Molly seufzte. Sie wollte noch nicht heim, doch sie wusste, dass ihr Vater und ihr Bruder warteten. „Das ist sehr nett von dir.“

Seite an Seite machten die beiden sich an den anstrengenden Weg die steile Straße hinauf. Dandelion trottete brav neben ihnen her.

„Was fasziniert dich so an dem Meer?“, wollte John auf einmal wissen.

Molly zuckte die Schultern. „Es gibt mir ein Gefühl von Freiheit.“

„Freiheit?“, fragte ihr Freund.

„Hast du dich nie gefragt, was dort am Horizont ist?“

John runzelte die Stirn. „Nein.“

Er war wie die meisten Dorfbewohner. Er lebte in einer Gemeinschaft, in die er hinein geboren worden war. Es war ihm egal, was sich außerhalb dieser Gemeinschaft abspielte. Molly fragte sich manchmal, warum sie den Drang verspürte, sich zu überlegen, was in der Ferne wartete. Sie hatte keine Erinnerung an ihre Mutter, doch man hatte ihr gesagt, dass sie eine abenteuerlustige Frau gewesen war. Vielleicht war Molly ihr ja ähnlich.

„Sicherheit“, riss John sie aus ihren Gedanken.

„Was?“

„Dieses Dorf bietet dir Sicherheit. Du kennst jeden, dir kann hier nichts passieren. Fremde bringen nichts als Ärger.“

Das Mädchen schwieg. Was hätte sie darauf auch antworten können?

Die Gischt spritzte, als der Bug der Evergiven das Meer vor ihm teilte. Der Wind blies ihm in die langen Haare. Seit Culloden hatte er sie sich nicht mehr kurzgeschnitten, und er mochte es, wenn sie ihm ums Gesicht flatterten.

„Land in Sicht!“, ertönte es vom Ausguck.

„Kapitän, dort vorne muss es sein!“ Alistair wandte sich zur Seite und sah Duncan auf sich zukommen. Wie er selbst hatte Duncan bei Culloden gekämpft und war nur mit knapper Not dem Abschlachten entkommen.

„Seht Ihr den Felsen dort?
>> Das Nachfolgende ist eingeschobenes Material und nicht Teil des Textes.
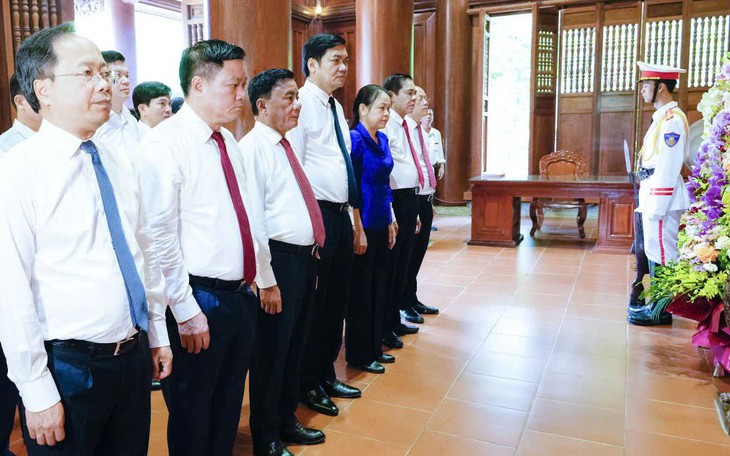 Ông Trần Cẩm Tú: Khám định kỳ miễn phí có nơi phát hiện 30% người dân có bệnh - Ảnh 1.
Ich denke, dass ist Black Church Rock.“ Alistair nahm das Fernrohr entgegen, das Duncan ihm hinhielt, und blickte hindurch. Es war zwar mitten in der Nacht, doch der Mond strahlte so hell, dass es ihm nicht allzu schwer- fiel, die Felsen und den Strand zu erkennen. Der schwarze Felsen stach aus dem Meer heraus, dahinter erhoben sich die Klippen.

„Ein perfekter Ort“, bemerkte der Kapitän. Dann rief er zum Ausguck hinauf: „Kannst du so etwas wie eine Höhle erkennen, Graham?“

Der Junge namens Graham war erst sechzehn. Er war selbst noch zu jung gewesen, um sich der Rebellion von Bonnie Prince Charlie anzuschließen, doch sein Vater und seine Brüder waren im Dienst des Prinzen umgekommen. Graham war geflohen, als die Engländer nach der von den Jakobitern verlorenen Schlacht die Highlands geplündert und alle Familien von Rebellen getötet oder in die Sklaverei verfrachtet hatten.

„Es sieht so aus, als seien mehrere Einbuchtungen im Felsen, aber es könnten natürlich auch nur Schatten sein. Ein Steinstrand umgibt ihn.“

„Ein Strand?“, fragte Duncan stirnrunzelnd.

„Vielleicht ein Gezeitenfelsen“, überlegte Alistair.

Sie segelten weiter, und bald ragte der schwarze Felsen vor ihrem Schiff auf. Alistair griff sich in die roten Locken und band sie sich geschickt zu einem Zopf zurück. In seinen grünen Augen lag ein gefährliches Funkeln. Aye, dieser Ort war genau richtig für seine Art von Geschäften. Freihandel, wie Schmuggler ihr Geschäft selbst gerne nannten. Die Höhlen und Spalten im Black Church Rock boten ein ideales Versteck für Waren, notfalls auch für die Schmuggler selbst.

Iain gesellte sich zu ihm und Duncan. Der alte Mann grinste. „Gut gemacht, Kapitän! Wie habt Ihr von diesem Ort erfahren?“

Alistair zuckte mit den Achseln. „Ich habe meine Quellen.“

„Auch ein alter Seebär wie du kann nicht alle Orte entlang der britischen Küsten kennen“, meinte Duncan lachend und spielte damit auf Iains Vergangenheit als Kapitän eines Handelsschiffes an, ehe er nach Schottland zurückgekehrt war, um sich dem jungen Prinzen Charles anzuschließen. Duncan MacDonald und Iain Cameron waren die beiden Männer, denen Alistair aus seiner Crew am nächsten stand – und denen er am meisten vertraute. Auch an Grahams Loyalität zweifelte er nicht, doch der Junge war unerfahren, wenn auch mutig. Bei den anderen sechs war er sich nicht sicher, ob sie ihm bis zum Ende die Treue halten würden.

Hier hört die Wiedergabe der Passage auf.